How to make the online ad industry switch to a different advertisement model?  Well, as mentioned before the ad industry is an ecosystem with many players, but this is an opportunity.  Gradually, consumers have demanded more control over their personal data online.  We've seen this have some impact on the legal scene with the European Union about to enforce the GDPR, and at the Web consumer level the market demand has turned into many privacy extensions and browser features.  It's only reasonable to expect more in this space as long as there is clear consumer demand for more control over sharing of private data.  This means that gradually, it will become harder and harder for these advertising networks to continue with the current practices of constructing the user's browsing history on their servers and target them to serve ads.  And the continued existence of online ad fraud means that advertisers who actually pay for online advertisement will continue to bleed marketing budgets going to fraudulent bot traffic.  As we expect these trends to continue on their current trajectories, perhaps some day soon marketers will start to put 2 and 2 together and incrementally switch to advertising models that are more compatible with the consumer demands around sharing of data, which also happen to be the right models if you're more interested to target humans with your advertisement than bots.

Key Take-Aways

This was a long article, and I do hope you've made it this far through.  Here is a TL;DR section highlighting some of the key points discussed hopefully serving as a useful summary.

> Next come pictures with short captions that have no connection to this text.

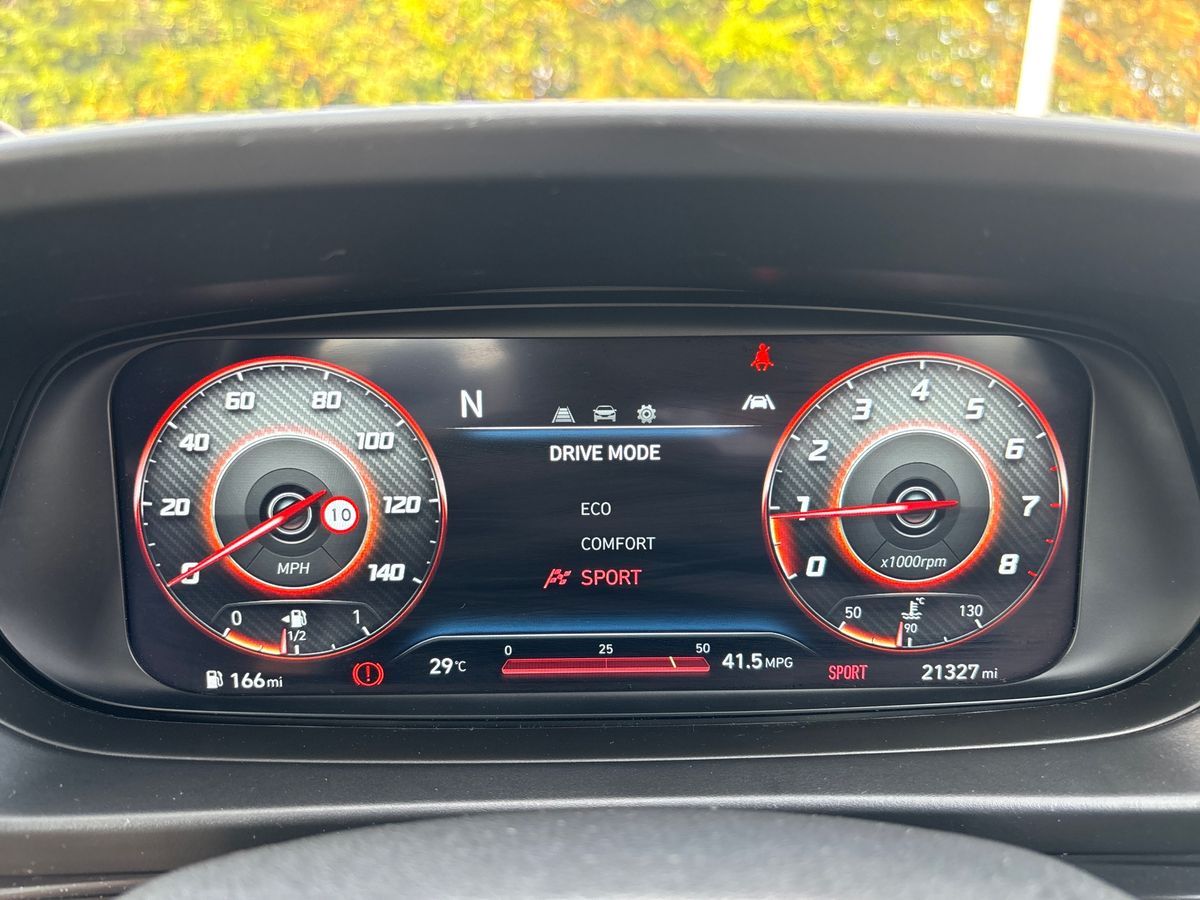 Used Hyundai i20 2022 for sale - 76869100: Photo 34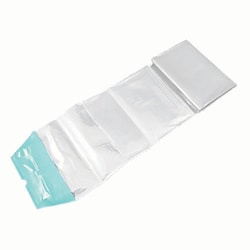 Med Vet International&nbsp;Endoscope Camera Drape, J0993, Each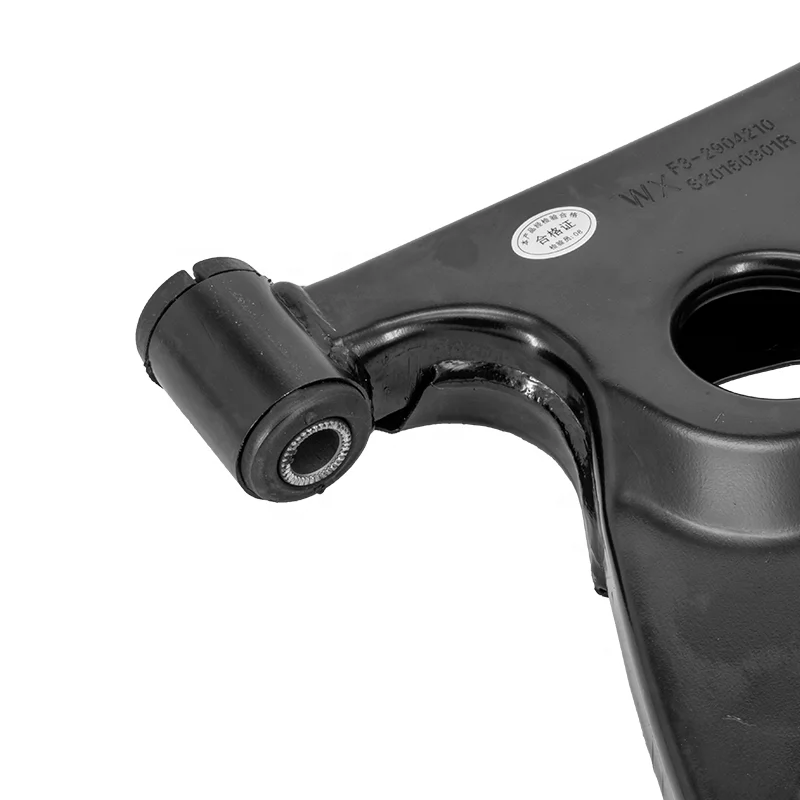 suspension system front lower control arms for byd 1004683 F3-2904110 car control arm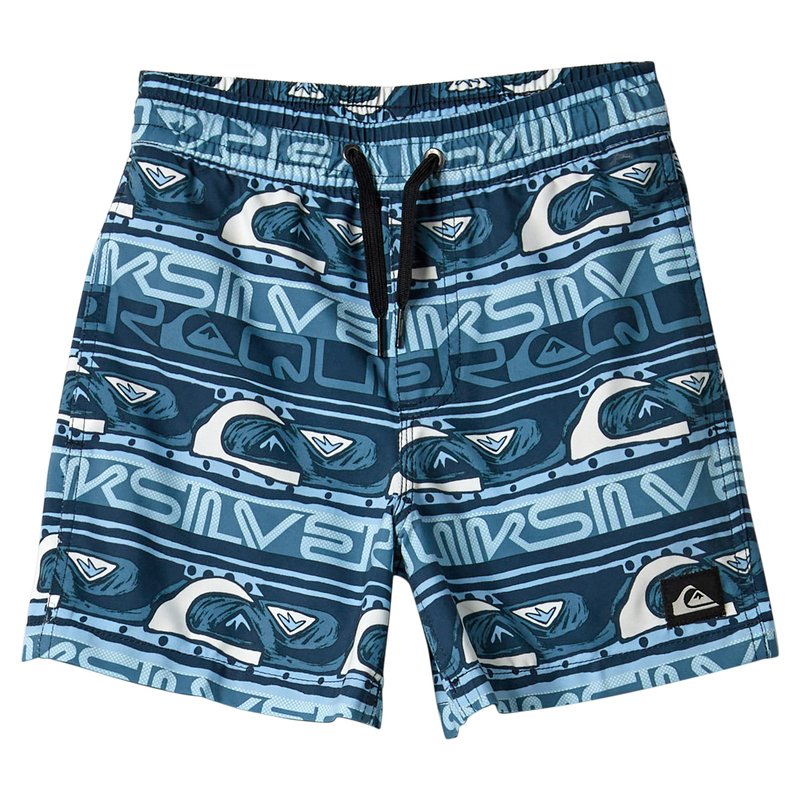 Quiksilver - Next Gen Volley Boy - 5Y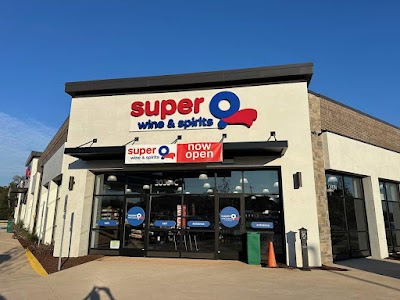 Super 9 Wine & Spirits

  • Online ad fraud is a massive and growing problem.
  • Bots commit much of online ad fraud.  Some run in data centers, some on real users’ computers (laptops/desktops/phones).
  • More online ad fraud is shifting to real users’ computers to avoid fraud detection, and this is typically done through malware distribution.
  • Online ad fraud is a big reason behind security vulnerabilities exploited on real users’ computers due to the usage of malware to deliver the bots.
  • While some online ad fraud happens inside the classic browser environment, most of it happens outside of it.
  • Online ad fraud is very profitable, and runs low risks for the fraudsters.
  • A large part of online ad fraud is incentivized via online tracking of users browsing history by advertisement networks.
  • Ad fraud detection and prevention techniques focusing on bot traffic analysis have been tried and have mostly been unsuccessful at dealing with the large-scale problem.
  • To address this issue long-term, it seems necessary to start to focus on the incentives behind ad fraud to some extent.